**Directions:** Transcribe the whole listing exactly, but do not carry over its pictures.

**Collected data:**
== == ==

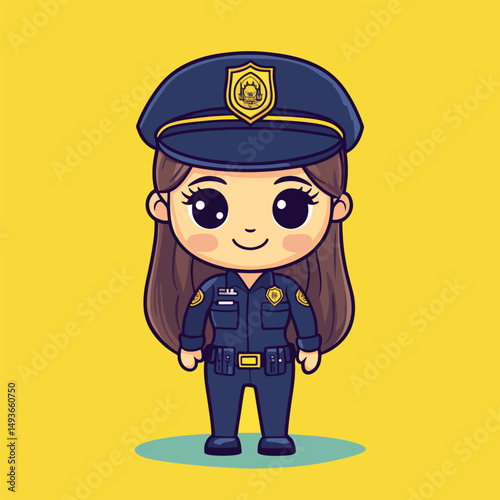 Adorable Cartoon Policewoman with Long Brown Hair and Blue Uniform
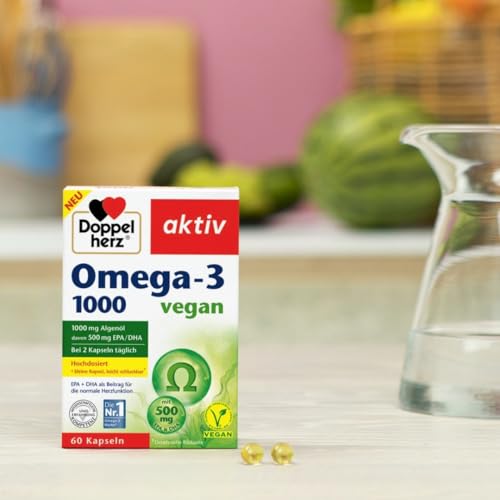 Doppelherz Omega-3 1000 vegan - Hochdosierte Omega-3-Fettsäuren EPA & DHA aus pflanzlichem Algenöl - 60 kleine & vegane Kapseln - Bild 4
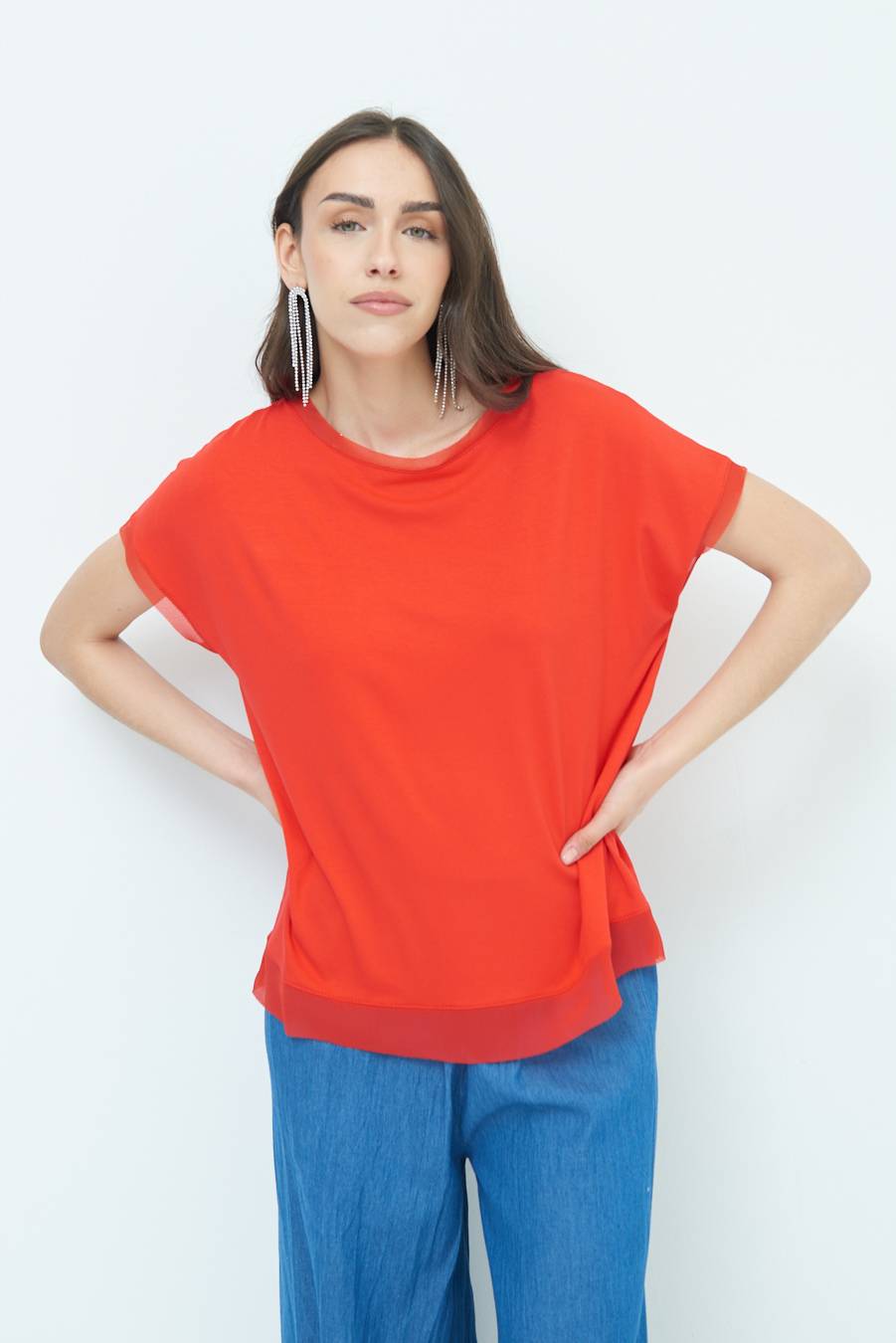 Kikisix MAGLIA PROFILO GEORGETTE ROSSO Saldi Di Fabbrica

== == ==

**Exercise output:**
 Adorable Cartoon Policewoman with Long Brown Hair and Blue Uniform
 Doppelherz Omega-3 1000 vegan - Hochdosierte Omega-3-Fettsäuren EPA & DHA aus pflanzlichem Algenöl - 60 kleine & vegane Kapseln - Bild 4
 Kikisix MAGLIA PROFILO GEORGETTE ROSSO Saldi Di Fabbrica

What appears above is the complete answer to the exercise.